Council holds annual planning session
Published 11:28 am Tuesday, January 27, 2015
At its annual planning session on Jan. 23 and 24 at the Community and Events Center, the City Council reviewed its 2014 work plan and planned for 2015. The Council did not conduct any official business or votes, but discussed Town Center development, commuter parking, Metro service, the biennial budget and the community solar project.
Council to consider moratorium on downtown development
Mercer Island’s Town Center has been growing steadily in the past few years, and development is expected to continue with the arrival of light rail in 2023.
Some Islanders are concerned about the impacts that increased density will have on schools, traffic and city infrastructure, and have asked the Council to consider imposing a moratorium on new Town Center development while the city is updating its comprehensive plan and undergoing a Town Center visioning process.
City Attorney Katie Knight said that other Seattle area cities have imposed moratoriums, including Marysville, Sammamish and Kirkland, but that it’s a “risky legal maneuver” that’s “expensive to defend” in court, whether the city wins or not.
“As we discussed at our planning session this past weekend, the city has the legal authority to impose a moratorium but doing so could expose the city to costly litigation,” Deputy Mayor Dan Grausz wrote in an email update.
Grausz said that concerns were sparked by a picture of the Hines project — which is “a ‘massing study’ in urban design and was not intended as a visual depiction of what will ultimately be proposed by Hines or agreed to by the city.”
Upcoming projects like Hines wouldn’t be affected by code revisions or moratoriums if they are ‘vested’ before those take effect.
Councilmember Jane Brahm said that discontent with Town Center predates the visioning process and the circulation of the Hines picture.
“It’s not just a reaction to one project,” Brahm said at the planning session on Jan. 23.
The visioning process began in June 2013. An outside urban planning expert, Seth Harry, was hired last fall and presented ideas for code revisions and public gathering spaces in December.
“Future development would be dramatically different from what we have seen to date — but we would still have development,” Grausz said.
The Council is creating a public process that will enable Islanders to discuss what kind of Town Center they want to see going forward, with or without a moratorium, Grausz said.
Update: Imposing a moratorium on new construction downtown is on the Council’s Feb. 2 agenda.
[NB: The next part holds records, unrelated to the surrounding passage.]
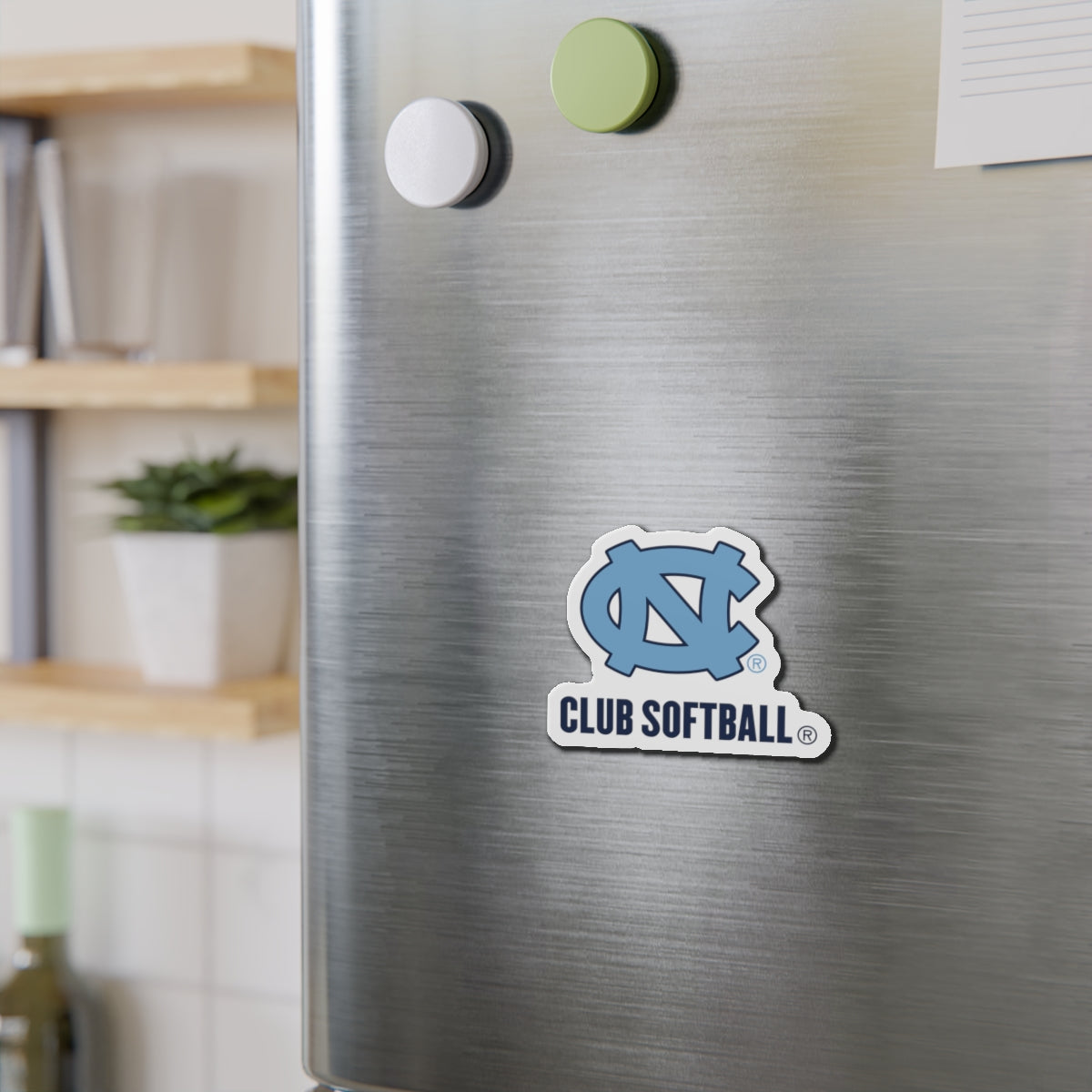 UNC Club Softball Die Cut Magnet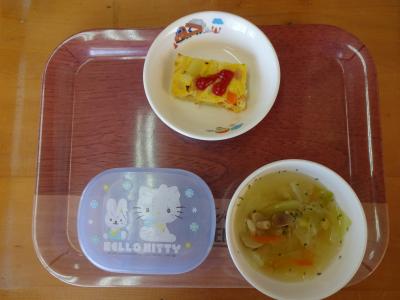 ポテトオムレツ☆野菜スープ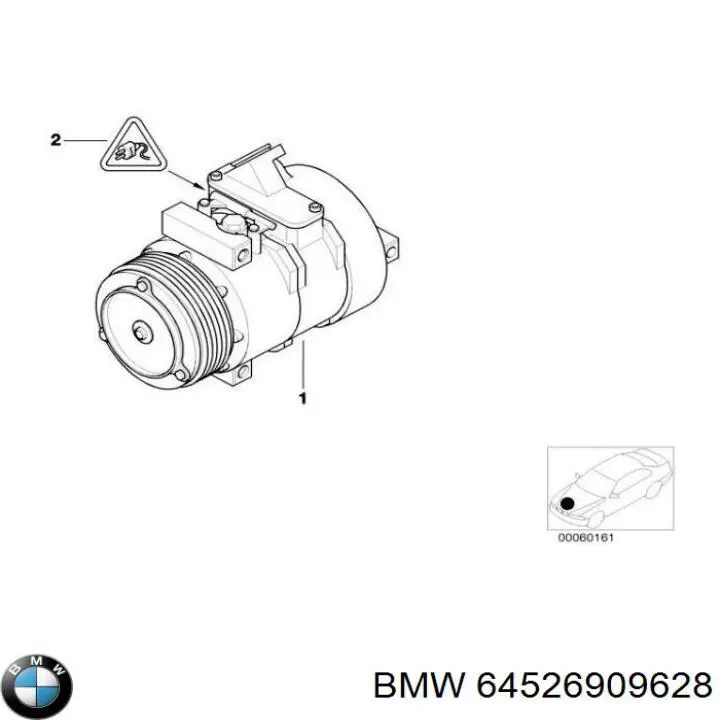 Компресор кондиціонера 64526909628 BMW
Click here for more information.
City works with Metro on restoring some Island bus service
Mercer Island city officials have been working with King County Metro to implement alternative transit services on the Island to partially replace some of the routes that were cut in September.
Mayor Bruce Bassett said that “big busses running around empty doesn’t make sense,” and Mercer Island’s programs could be “representative examples for other communities.”
The King County Council expanded Metro’s alternative services program last fall, and Mercer Island was identified as a priority for those services due to the level of reduction – almost 75 percent. Some of the services include shuttles, Trip Pools and community vans. Metro surveyed displaced riders to find out what would work best for them.
“The plan was never to restore that service in its entirety as doing so was not economically feasible,” Deputy Mayor Dan Grausz said.
About 65 percent of the 240 survey respondents said they would use a community shuttle more than three times per week. Metro designed routes that would run from the Presbyterian Church Park and Ride to the North-end of the Island and on to First Hill and downtown Seattle.
Metro is still identifying the vehicles that would be used. They are expected to make five trips in the morning and five in the afternoon, carrying up to 18 people. The program is expected to be jointly funded by Metro, Mercer Island and Seattle’s Transportation Benefit District.
If the financial arrangements are approved by the Council, the service will formally begin in June with the possibility of a “soft launch” as early as March, though ORCA cards wouldn’t be accepted in that time.